I feel like I have just returned from visiting an old friend, having spent a couple of hours laughing, telling jokes, hearing stories, singing together, and reminiscing about old times.
For over two decades my Saturday nights included the radio show, “A Prairie Home Companion”—often as I drove stretches of Illinois’ cornfields. Many countless hours I spent enjoying the music, drawn into the homespun humor and wisdom of Garrison Keillor and his silly but sometimes pithy comment-filled adventures of Detective Guy Noir. Often, in the midst of fairly mundane patter, I’d hear some epigram of the real that would stay with me. I have remembered—perhaps incorrectly, but nonetheless—a Guy Noir story epigram, “I would rather be burnished with use than rusty from neglect.” Another time, I remember a story Keillor told of Lake Woebegone about how a dove rose up to the rafters during one of the Lutheran minister’s sermons and how everyone sat wondering if it was the Holy Ghost having come to visit them. They are stories that the imagination of radio enhances and the show became routine enjoyment for me.
I love how when Keillor’s stories are well told that they suck me into their world. Robert Altman’s new film, A Prairie Home Companion, based on a screenplay by Garrison Keillor, does just that. There are no Lake Woebegone homilies here, but the entire film becomes that extended fictional narrative where anything can happen.
Some of the musical numbers speak so clearly to some place within me that I felt transcended watching them being performed. Merle Streep and Lily Tomlin as the Johnson sisters were a joy to watch—and I found myself actually tearing up on their song about their mother and family moving on, remembering losses I've experienced also.

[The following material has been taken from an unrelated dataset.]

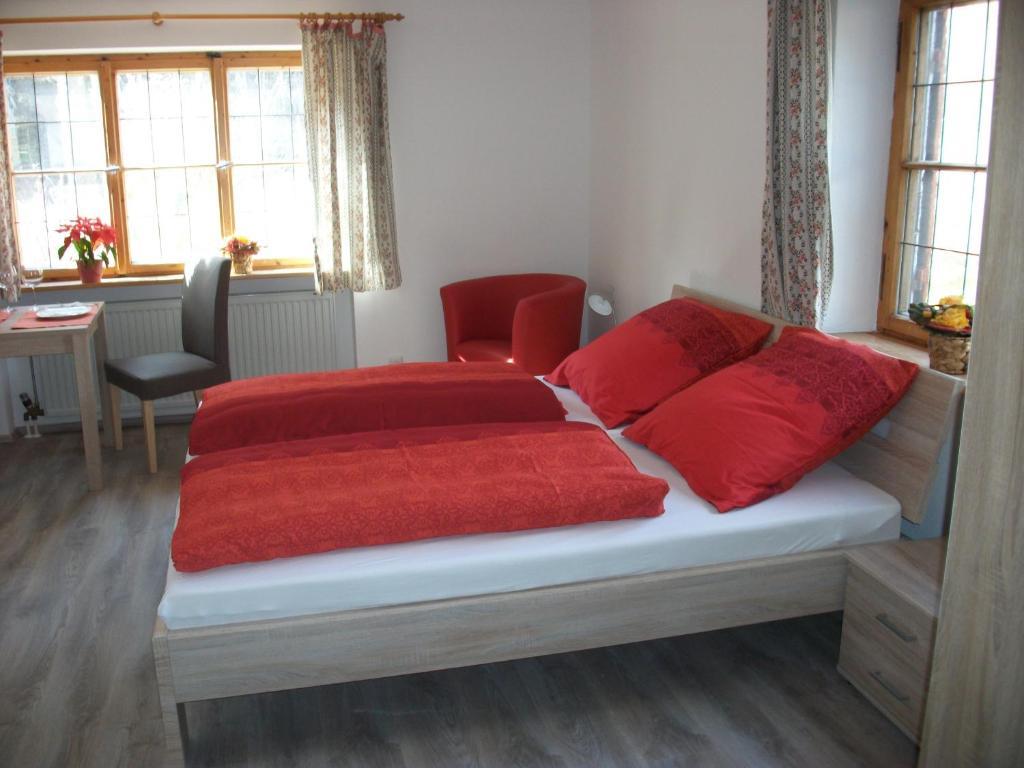 Haus Alpenrose Apartment ชวานเกา ห้อง รูปภาพ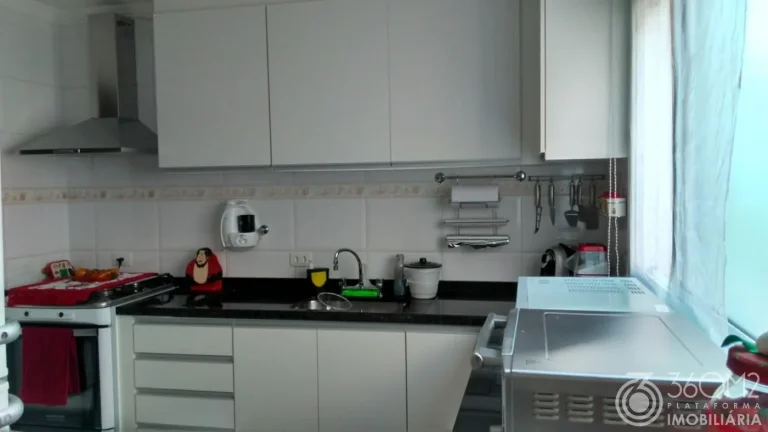 Imagem Cobertura Triplex para Venda em Santo André / SP no bairro Vila Valparaíso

The movie is, after all, about death—a character dies, the show is to be killed off and the theatre is to be torn down. But the gentle spirit of Keiller keeps it from being too dark. After all, when Dangerous Woman wears a white trench coat “molded so tightly to her body that you can read her underwear,” humor staves off any fear of that Great By and By. Dangerous Woman says not to mourn the passing of an old man but rather rejoice in what he brought you. Is that any different than Emily in “Our Town” asking us to look at what is passing from our lives and hold on to it as long as we can? As the credits began, I felt good about myself… good about the film… good about life.
The music is one of the first reasons to see the film. I’ve already mentioned my admiration for Streep and Tomlin. The singing cowboys Woody Harrelson and John C. Reilly offer two great specialty songs, and even Lindsay Lohan proves that she can belt out with the best of them. The rich husky gospel voice of diva Jearlyn Steele makes you want to join in at the end when she calls you to sing along. I wanted to… I wanted to clap and stomp my feet, but waited to applaud enthusiastically with the rest of the audience at the end.

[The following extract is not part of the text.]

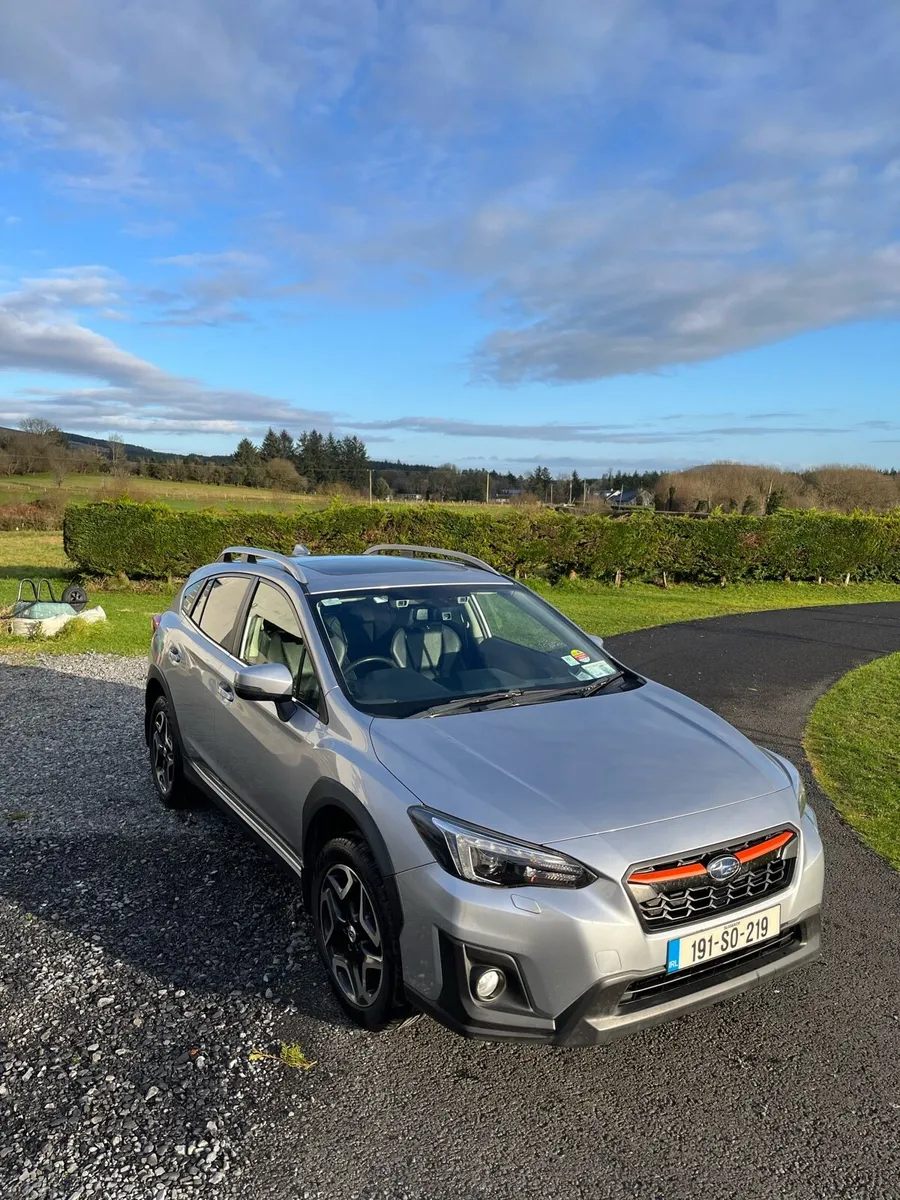 Subaru 2L awd XV - Image 4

Watching Altman’s films from McCabe and Mrs. Miller (1971) up to now, I’ve come to expect the characteristic ensemble acting, the overlapping speeches, the improvisational feel, but I don’t recall any film of his capturing the warmth and affirmation of life that this one does. Perhaps when Altman had his heart transplant 11 years ago, he learned how to share what is important with us.

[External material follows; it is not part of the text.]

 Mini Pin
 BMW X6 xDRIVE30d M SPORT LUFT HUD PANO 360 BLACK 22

Like Altman who is perhaps investigating his own mortality and Keillor who is investigating the end of 32 years of performing his radio show, I find myself past a triple bypass and the closure (perhaps) of 39 years of teaching. Like Meryl Streep’s character, I want to continue doing farewell tours for long as I can remember the lines. …And this movie helps me realize that goodbyes don’t wipe out the good memories. And sometimes just being and doing and enjoying for as long as you can is enough.